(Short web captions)
┌──

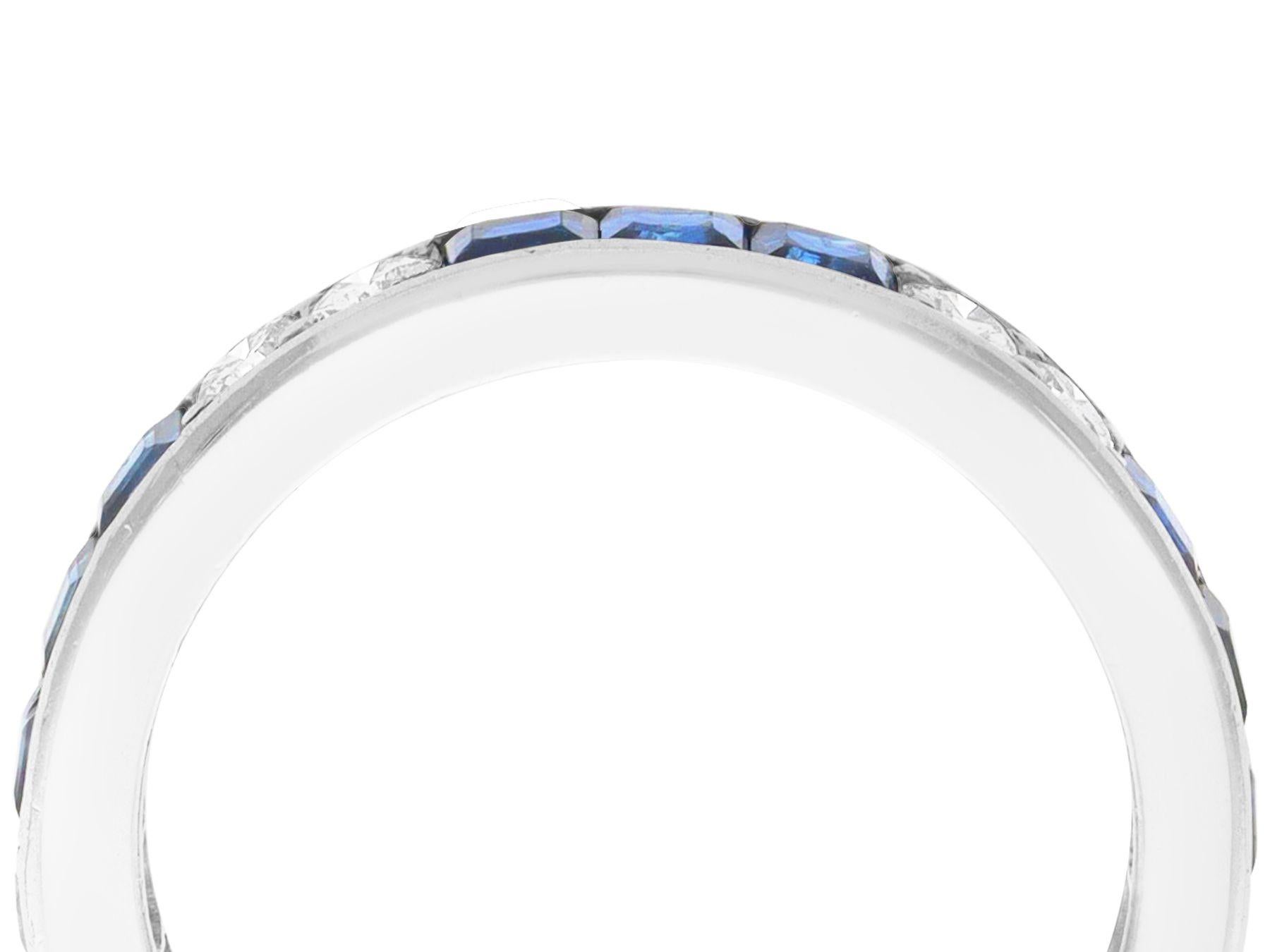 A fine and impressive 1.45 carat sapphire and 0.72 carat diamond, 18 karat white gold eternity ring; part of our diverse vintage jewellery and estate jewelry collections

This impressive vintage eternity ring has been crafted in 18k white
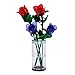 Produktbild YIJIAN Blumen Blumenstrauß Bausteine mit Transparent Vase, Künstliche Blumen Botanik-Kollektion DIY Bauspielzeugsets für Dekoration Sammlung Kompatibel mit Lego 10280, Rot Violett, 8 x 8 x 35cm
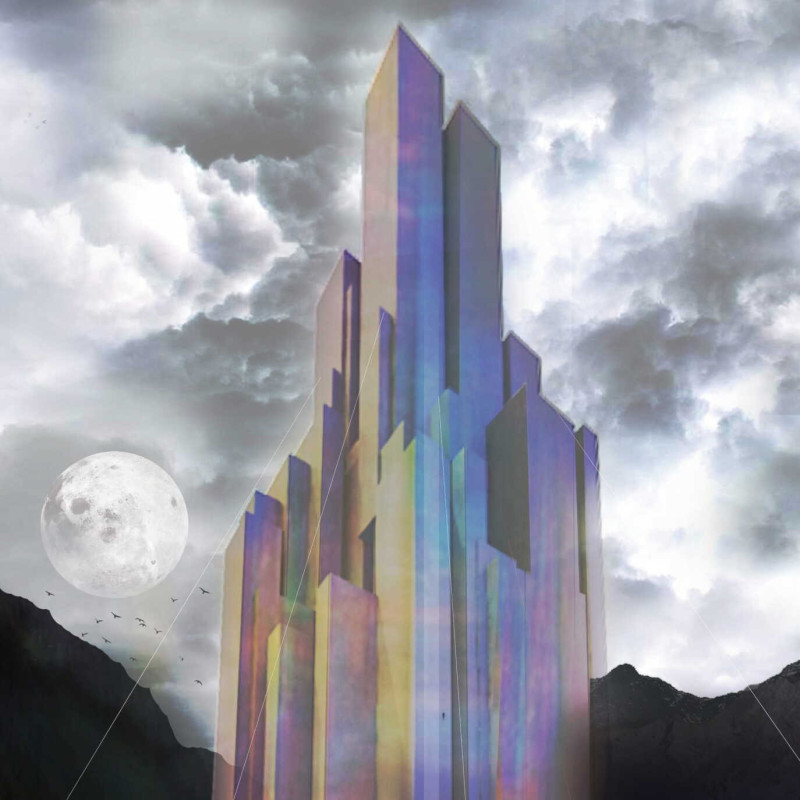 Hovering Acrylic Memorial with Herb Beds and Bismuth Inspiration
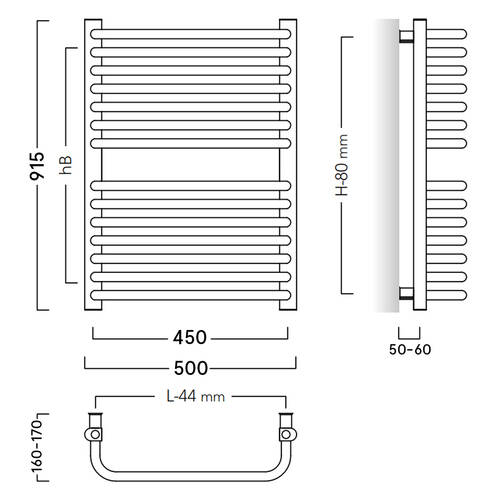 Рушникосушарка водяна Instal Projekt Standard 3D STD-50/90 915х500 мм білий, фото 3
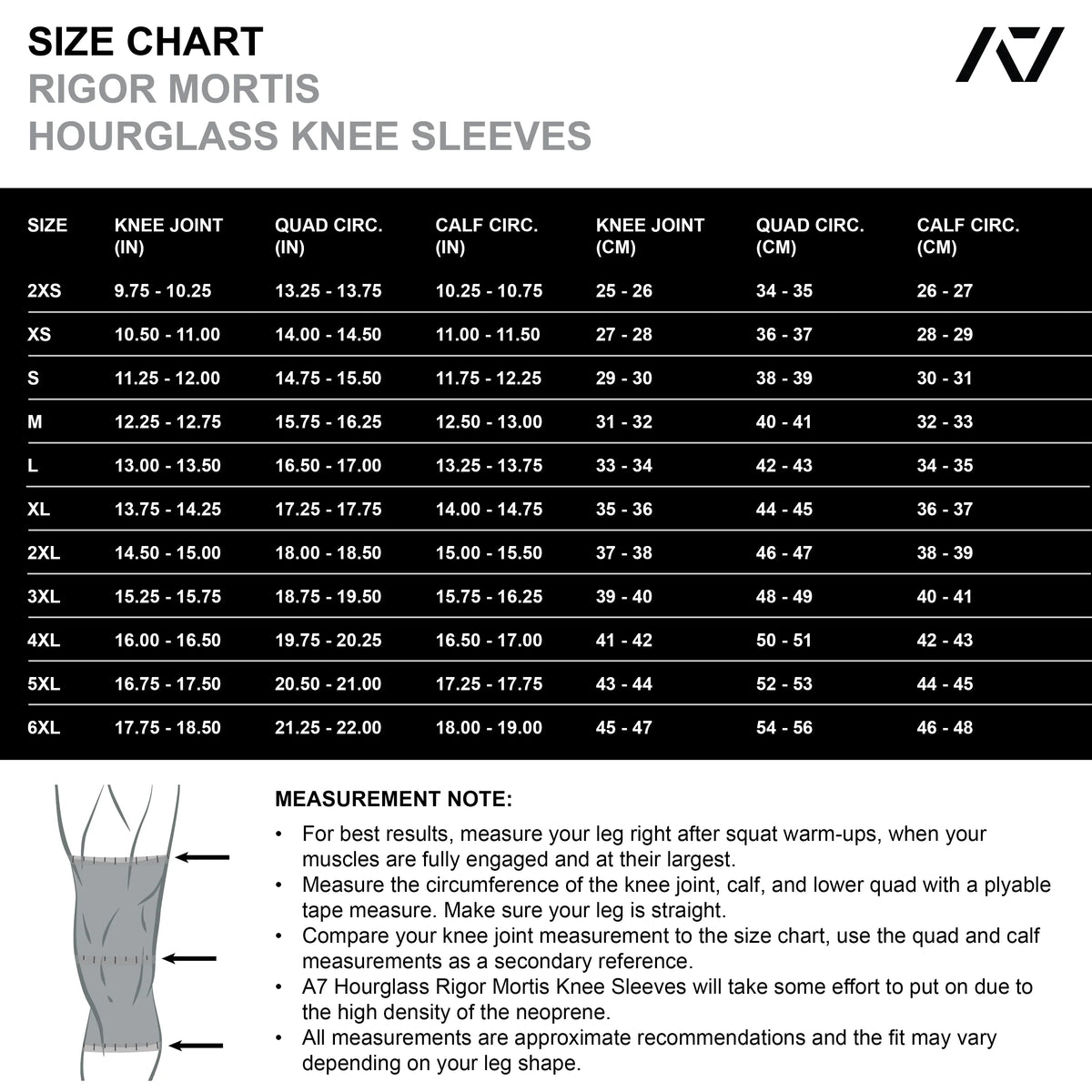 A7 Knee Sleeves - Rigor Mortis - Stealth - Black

└──
┌──

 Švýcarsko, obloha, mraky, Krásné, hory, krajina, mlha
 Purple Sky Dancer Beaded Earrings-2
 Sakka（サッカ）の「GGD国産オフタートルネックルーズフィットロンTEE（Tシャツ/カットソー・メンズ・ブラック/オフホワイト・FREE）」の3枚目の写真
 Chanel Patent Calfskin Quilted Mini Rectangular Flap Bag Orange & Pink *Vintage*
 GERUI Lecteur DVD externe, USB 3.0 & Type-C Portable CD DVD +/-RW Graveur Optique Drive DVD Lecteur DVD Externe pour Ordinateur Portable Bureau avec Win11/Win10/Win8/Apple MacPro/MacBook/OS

└──

EXERCISE DIRECTIONS
In the entries above, which lines run from the one with "Hovering Acrylic Memorial" up to and including the one with "A7 Knee Sleeves"? Write them out exactly, without the pictures.

SOLUTION FOR THIS EXERCISE
 Hovering Acrylic Memorial with Herb Beds and Bismuth Inspiration
 Рушникосушарка водяна Instal Projekt Standard 3D STD-50/90 915х500 мм білий, фото 3
 A7 Knee Sleeves - Rigor Mortis - Stealth - Black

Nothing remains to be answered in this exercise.